[Short text fragments from websites]

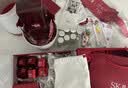 SK-II【教师节定制礼物】神仙水精华230ml高端护肤化妆品礼盒套装sk2 实拍图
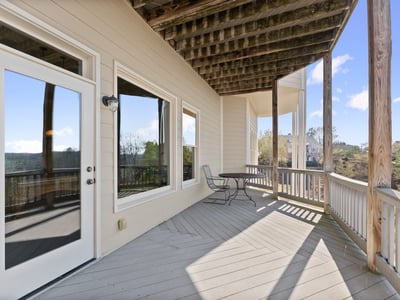 3518 Lake Breeze Lane, -, Gainesville, GA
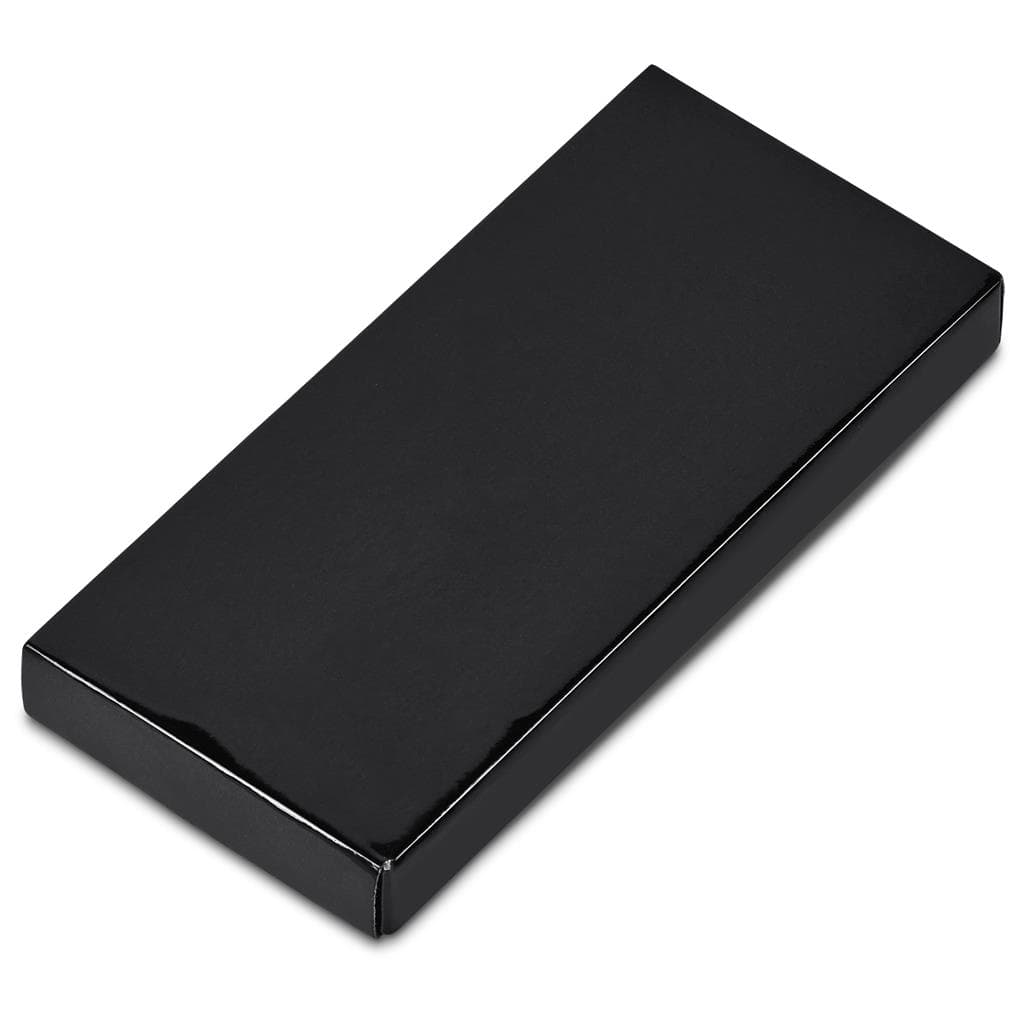 Altitude Ortona Keyholder thumbnail 5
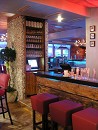 St. Johann Kino 063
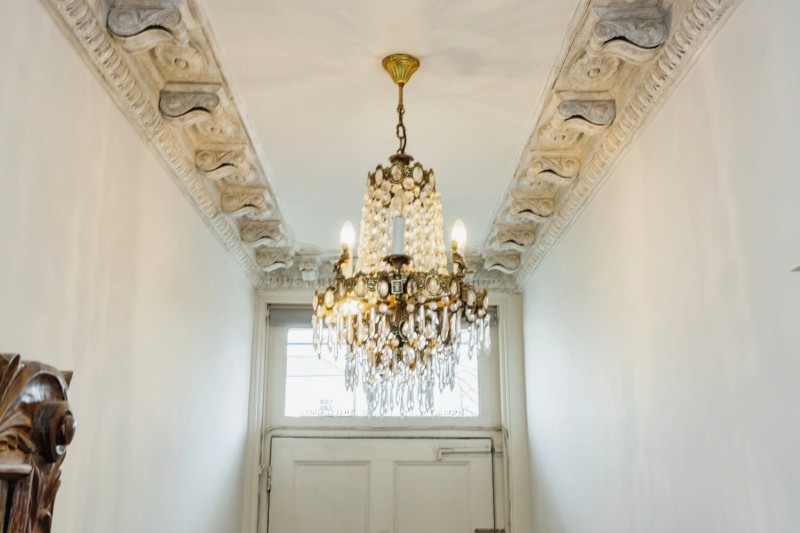 Hewlett Road, Cheltenham, Gloucestershire, GL52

WORK TASK:
Reproduce all the records verbatim, excluding images.

RESULT OF THIS EXERCISE:
 SK-II【教师节定制礼物】神仙水精华230ml高端护肤化妆品礼盒套装sk2 实拍图
 3518 Lake Breeze Lane, -, Gainesville, GA
 Altitude Ortona Keyholder thumbnail 5
 St. Johann Kino 063
 Hewlett Road, Cheltenham, Gloucestershire, GL52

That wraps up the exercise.